Serbian taxi drivers say app based car service, Car:Go, who are considered the city's version of Uber, use loopholes in the system which allows drivers an easier way into the taxi industry.
They are now calling for the government to ban the app amidst concerns that their livelihoods are being taken away.
Taxi drivers eventually cleared the protest after talks with Serbia’s President Aleksandar Vucic, who convinced them to “have faith in [state] institutions”.
As reported on Reuters, Car:Go’s director Vuk Guberinic said the company will continue to operate and asked for an overhaul of existing laws to allow ride-sharing services. He added: “If the state regulates bakeries the way it regulates taxis we would be eating stale bread every day. Just as stale bread cannot be eaten, so obsolete laws cannot be used."
On 7 October, taxi drivers in Mexico also caused chaos when they held demonstrations against ride-sharing firm Uber.

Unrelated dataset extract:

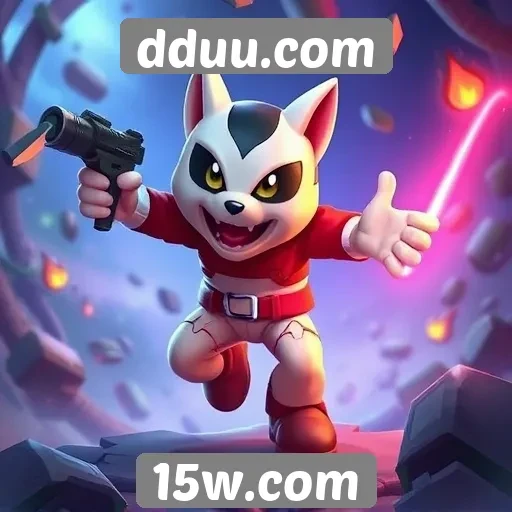 Novidades no catálogo de jogos do site dduu.com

The city's taxi drivers blocked major routes into the capital's international airport, causing major delays and bringing the whole area to a grinding halt.
Some of the 4,000 cabbies who paralyzed the city even set up camp at the airport to show their discontent with digital hailing platforms such as Uber Technologies Inc, Didi Chuxing Inc and Cabin.
Serbian taxi drivers are just the latest of a long list of protesters who say ride-sharing apps have had an easy ride up to this point and call for it to stop.